Hitting a line in a $d$ dimensional cube Let $F$ be a finite field of order $n$, and let $d$ be an integer. A line in $F^d$ is a function $\ell: F \to F^d$ given by $\ell(t) = x + t*h$, where $x,h \in F^d$, $h \neq 0$, and $t*h = (tx_1, \ldots, tx_d)$.
For $3 \le k \le n$, how many uniformly chosen points in $F^d$ are needed to be drawn such that with high probability (say $2/3$), the set of drawn points contains $k$ different points from (any) line?
Clarification: the last line refers to a set that contain at least one line (not all lines). 
Edit: a rough estimation regarding the number of draws needed (e.g., $O(n^d)$, $O(n^{d/2})$, $poly(d \log n)$, $O(d \log n)$, etc.) would also be very helpful.
 A: I think you need to consider arcs (when $d=2$) or caps (when $d>3$).  The normal definition of an cap is a collection of points, no three on a common line (an arc actually only coincides with this definition in a plane).  What you are interested in are the number of $(s,k-1)$-caps (common literature will refer to $(k,d)$-arcs in planes, this is a generalization); this will be a set of $s$ points such that no more than $k-1$ are on a common line. Any set of size $s$ will either be a $(s,k-1)$-cap, or else have the property you are interested in.
Unfortunately the best reference I can find is mangled in the postscript conversion (weak).
[Old answer refers to the problem of ensuring every line contains at least $k$ points]
This is not an easy problem at all.
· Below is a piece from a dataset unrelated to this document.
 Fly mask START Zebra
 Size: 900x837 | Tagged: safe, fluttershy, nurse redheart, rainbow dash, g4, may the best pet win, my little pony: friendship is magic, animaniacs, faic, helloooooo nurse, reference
The first question would be, how many points do you need in a set $\mathcal{S}$ for it to even be possible that every line contains at least $k$ points of $\mathcal{S}$? Such a set is called a $k$-fold blocking set (with respect to lines).  You can see some details here.  I think this type of problem is more difficult in affine spaces than in projective spaces.  To do an analysis of the probability, you would need to know how many $k$-fold blocking sets of size $s$ there were, and you could compare that to ${q^d \choose s}$.
Unfortunately I can't give you an answer, just point out that these are well-studied objects (with lots of related open problems). Probably the most interesting (and well studied) area of research is on small blocking sets in projective planes (a search on google scholar for the term "blocking sets" will turn up lots of results).